С другой стороны, поиск тотальности всеобщих ценностей, если он осуществлялся за счет свободы, часто приводил к тоталитаризму. Известна карикатурная, но реальная преемственность между Вагнером и Гитлером. Русские поэты Серебряного века, ностальгировавшие об общинном искусстве, с энтузиазмом приняли революцию 1917 года. Они были быстро сметены этой стихией, но «социалистический реализм» и теория «социального заказа» стали попыткой осуществить, хотя и на очень низком уровне и в принудительном порядке, настойчивое требование русских творцов XIX века отказаться от искусства ради искусства, от культуры как от предмета роскоши; они мечтали превратить красоту в хлеб для народа, грезя о творческом порыве, в котором участвуют все и который облагораживает всех и вся вплоть до повседневности, до быта и преображает жизнь каждого. Это то же самое требование толкало сюрреалистов и многочисленных западных артистов и писателей в объятия к коммунистам или народным фронтам в тридцатых или сороковых годах XX столетия. И сегодня в западных обществах стремление к синтезу не исчезло, но оно проявляется в трех основных областях: функциональной, оккультной и революционной.

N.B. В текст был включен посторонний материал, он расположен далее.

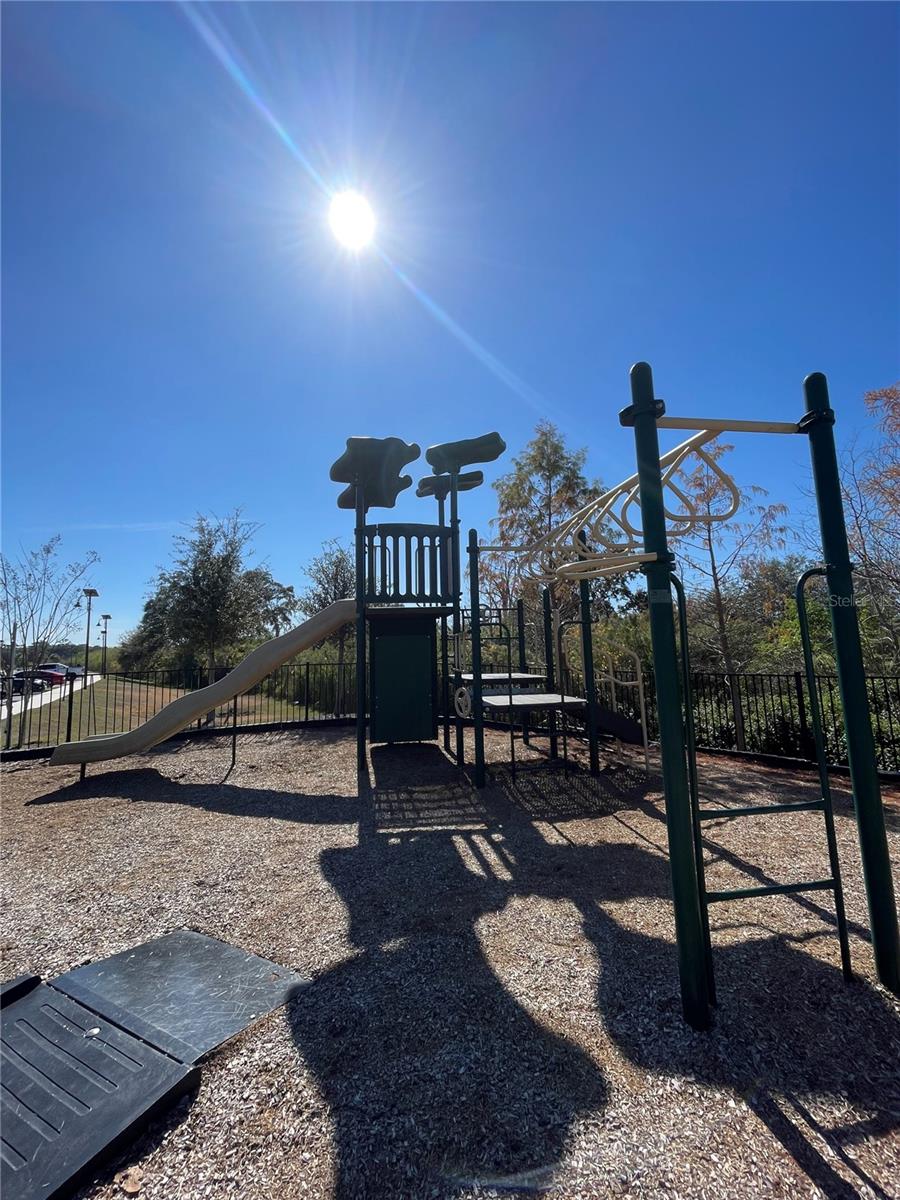 LAKE MDW LNDG - Residential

В функциональной области прежде всего речь идет о попытке эстетического наведения порядка в обществе, поскольку возрастает уверенность в том, что человек живет не хлебом единым, но также и красотой. Исследования Райта в Соединенных Штатах, Баррагана в Мексике, Вазарели во Франции имеют этот вектор. Здесь возможно все: как поиски технической имманентности (имманентность Вазарели, питающая компьютеры) и скрыто гностические методы (Райт был учеником Гурджиева), так и углубление в бытие, обнаруживающее тайну, не называя ее (Луис Барраган замечает: «Всякая архитектура, не выражающая ясность, не выполняет своей духовной миссии»). Впрочем, и в «секулярном обществе» ничто не является профанным: «гуманизирующее» наведение порядка в пространстве, если оно стремится быть красивым, спонтанно возвращается к весьма древним символам. Так, в основе проекта Дома Радио в Париже лежит схема оси мира, столь хорошо известная в культуре индийцев.

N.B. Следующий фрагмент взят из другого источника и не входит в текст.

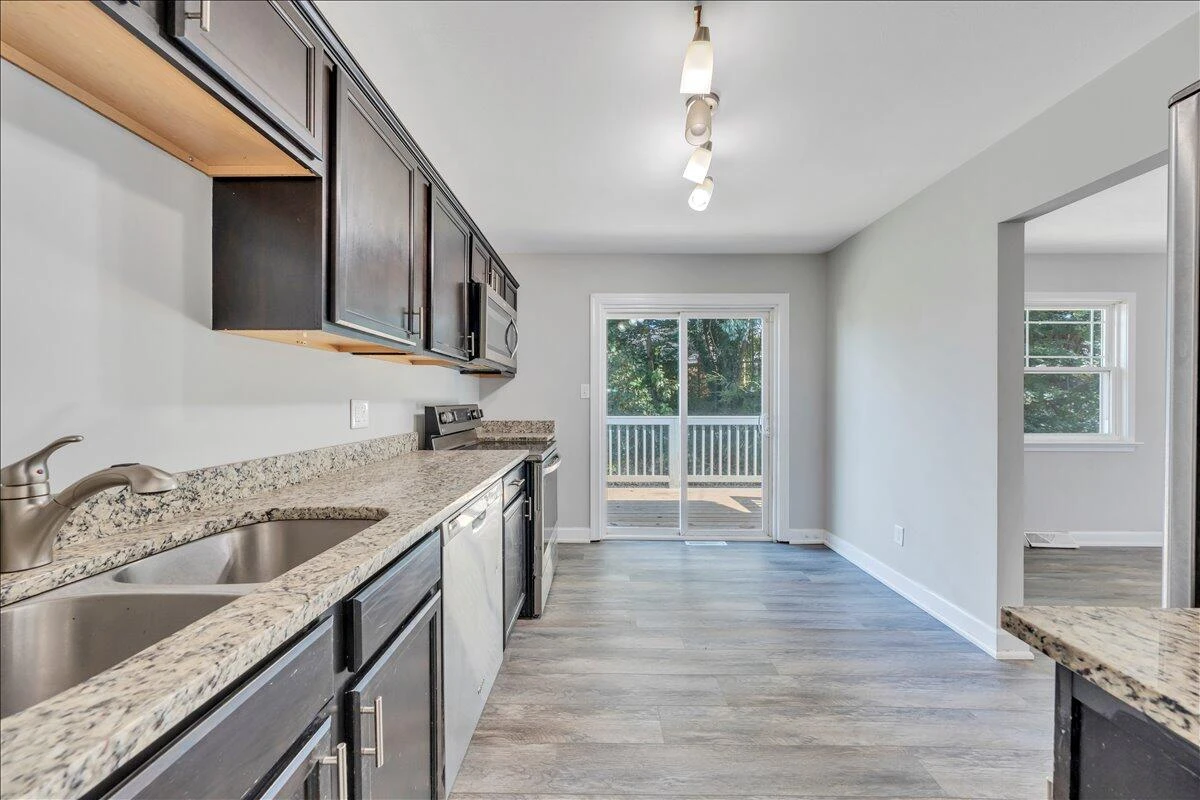 1048 Grove LN - Photo 14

Подъем оккультного отмечается в современной культуре буквально повсюду, например у Бежара в «мессе для нашего времени», с ее заимствованными у нехристианского Востока или ницшеанского дионисийства темами; то же самое мы видим и в американском психоделическом искусстве, вдохновленном, как странные литургии «Живого театра», восточными методиками экстатических медитаций, мистическим эротизмом и наркотиками. Все это — как и многое другое — имеет целью растворить личное существование в безличном абсолюте, впрочем, довольно двусмысленно понимаемом.

Наконец, в революционной области наиболее интересные тенденции можно было наблюдать в студенческой среде, где искали некое преображение жизни в празднике, стремились создать такое искусство, которое не расходилось бы более с жизнью. Таковы, например, Лефевр в его «критике повседневной жизни» или Рейш и Маркузе, трансформировавшие в социальный проект древнюю ностальгию по раю. Они критикуют «общество–зрелище», «общество–витрину», где все становится предметом потребления, в том числе и культура, но где ничто более не переживается с творческим накалом. К сожалению, заявляя себя атеистическими, подобные движения добровольно отключают себя от источников всякого подлинного созидания и рискуют осуществить, в конечном счете, всего лишь один праздник — торжество разрушения.

Если в «аналитическом» процессе есть предчувствие своего рода поиска духовных основ, то жажда единства, синтеза интуитивно указывает на Церковь и литургию как на всеобщее искусство, которое одно способно превратить человека повседневности в литургическое существо.